A SERIOUS MAN (15, 105 mins) Comedy/Drama. Michael Stuhlbarg, Richard Kind, Sari Lennick, Fred Melamed, Jessica McManus, Aaron Wolff, David Kang. Directors: Joel & Ethan Coen.

Released: November 20 (UK & Ireland)

IF fortune truly favours the brave, it’s no surprise that the hen-pecked, mild-mannered mensch at the centre of Joel and Ethan Coen’s new black comedy is pummelled senseless by bad luck.

Set in a Jewish community in mid-1960s Minneapolis reminiscent of the film-maker brothers’ own childhoods, A Serious Man is a deceptively simple portrait of a family in crisis, distinguished by a sharp script and terrific ensemble cast.

Following the unbearable tension of No Country For Old Men and the frippery of Burn After Reading, this new picture finds the Coens in a quirky hinterland where they previously bowled strikes with The Big Lebowski.

A quotation from 11th-century rabbi Rashi ("Receive with simplicity everything that happens to you") sows the seeds of foreboding, which blossom during a deliciously dark, Yiddish-language prologue set in a 19th-century Polish shtetl.

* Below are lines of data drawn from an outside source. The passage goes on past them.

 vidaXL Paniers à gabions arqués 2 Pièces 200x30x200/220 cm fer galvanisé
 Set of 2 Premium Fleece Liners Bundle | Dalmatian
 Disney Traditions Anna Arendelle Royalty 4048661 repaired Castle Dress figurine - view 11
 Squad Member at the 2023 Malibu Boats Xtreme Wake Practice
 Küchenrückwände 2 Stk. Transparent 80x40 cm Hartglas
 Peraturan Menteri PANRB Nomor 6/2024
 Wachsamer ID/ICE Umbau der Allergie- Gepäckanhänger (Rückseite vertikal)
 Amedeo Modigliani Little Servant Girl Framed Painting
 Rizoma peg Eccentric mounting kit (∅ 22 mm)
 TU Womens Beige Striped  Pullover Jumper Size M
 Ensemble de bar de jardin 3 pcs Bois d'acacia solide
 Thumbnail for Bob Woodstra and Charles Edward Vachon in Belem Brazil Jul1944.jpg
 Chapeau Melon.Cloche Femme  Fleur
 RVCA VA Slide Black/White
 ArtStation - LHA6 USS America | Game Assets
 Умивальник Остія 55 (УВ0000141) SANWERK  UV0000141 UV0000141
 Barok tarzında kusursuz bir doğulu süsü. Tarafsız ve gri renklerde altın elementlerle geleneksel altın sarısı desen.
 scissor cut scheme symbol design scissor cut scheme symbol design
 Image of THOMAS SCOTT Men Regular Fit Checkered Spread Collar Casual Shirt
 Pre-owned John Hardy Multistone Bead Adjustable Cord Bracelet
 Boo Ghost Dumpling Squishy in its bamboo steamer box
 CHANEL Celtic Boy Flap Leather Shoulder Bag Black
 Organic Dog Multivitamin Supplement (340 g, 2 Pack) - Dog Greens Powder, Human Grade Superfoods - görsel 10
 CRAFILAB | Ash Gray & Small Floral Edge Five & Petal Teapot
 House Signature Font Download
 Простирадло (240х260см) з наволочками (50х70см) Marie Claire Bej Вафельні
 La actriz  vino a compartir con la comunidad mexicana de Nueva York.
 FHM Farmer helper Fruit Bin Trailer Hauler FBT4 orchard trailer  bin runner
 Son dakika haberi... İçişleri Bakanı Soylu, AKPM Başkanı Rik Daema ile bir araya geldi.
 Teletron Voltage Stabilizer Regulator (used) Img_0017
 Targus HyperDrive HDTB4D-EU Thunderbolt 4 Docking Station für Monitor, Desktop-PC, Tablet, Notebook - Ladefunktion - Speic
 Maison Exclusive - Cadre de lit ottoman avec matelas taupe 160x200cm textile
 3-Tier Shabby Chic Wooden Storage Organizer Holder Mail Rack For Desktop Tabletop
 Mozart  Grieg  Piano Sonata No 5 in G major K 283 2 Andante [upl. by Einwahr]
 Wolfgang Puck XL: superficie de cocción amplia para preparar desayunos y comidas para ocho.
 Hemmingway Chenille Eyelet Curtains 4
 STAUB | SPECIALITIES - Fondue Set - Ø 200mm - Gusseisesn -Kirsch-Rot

In this small Jewish village, a couple come face-to-face with a dybbuk (an evil spirit from folklore), which curses them for eternity.

The stylish, self-contained vignette doesn’t have any bearing on the rest of the film, but neatly introduces the themes of passivity and misfortune.

A Serious Man drops us squarely into the mounting devastation of University physics lecturer Larry Gopnik’s (Michael Stuhlbarg) once-idyllic life as, one by one, all of the people closest to him push him away.

Even the chief rabbi, whose wise counsel could help him make sense of the misery, refuses to see him.

Stuhlbarg adopts a permanent look of incredulity as his caring family man struggles to make sense of the cards that life has dealt him.

The supporting cast vividly bring their roles to life - Wolff is extremely watchable as the rock’n’roll-mad teenager fast approaching his bar mitzvah - as the Coens add flecks of humour, some of them causing us to wince almost as much as the characters.